The possibilities feel quite overwhelming for brands trying to work out where to start with a social media strategy, says John Willshire of marketing and product innovation studio Smithery. “If traditional advertising is akin to electromagnetism, then social media is more like gravity. It’s easy to wield electromagnetism, be very exact and make it do what you want for a set period of time. But gravity – social media – is a weak force that affects everything, and you’ll have no idea how things are going to go. The only strategy is to design landscapes and build contraptions to keep things roughly in the right place.”


Social first strategy

Cadbury is one brand that has certainly found a sweet spot among the noise and distraction of social media.

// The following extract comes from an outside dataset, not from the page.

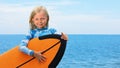 Young surfer learn to ride on surfboard on sea waves Royalty Free Stock Photo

A network of campaigns and a “social first” strategy have combined brand building with entertaining editorial and no small amount of market research; the confectioner famously re-introduced Wispas in response to public demand on Facebook and MySpace back in 2007.

Since then, Cadbury’s strategy has become increasingly sophisticated. Its biggest brands have dedicated Facebook pages offering competitions, quizzes and the chance to be a “Joyville taster” for new products. Aiming to increase engagement amongst Facebook users, Cadbury uses events to get fans involved – a live-streamed attempt to build a giant “like” hand out of Dairy Milk bars added 40,000 new fans and engaged 350,000 users across the site.


The numbers are similarly impressive across Twitter, where Cadbury’s main account has 145,000 followers, and paid-for promoted tweets for the new Wispa Gold increased mentions by 1,800%. And on Google Plus, Cadbury has been one of few brands to embrace the site early on, reaching 500,000 users during one live Hangout on Air. “What’s different is that it’s eye-to-eye, face-to-face contact,” says Jerry Daykin, Cadbury community manager. “We can’t directly connect with every person who buys our chocolate, but we can connect with some of them. Then more people see the Hangout On Air, and feel they’re part of the experience. It’s a new frontier.”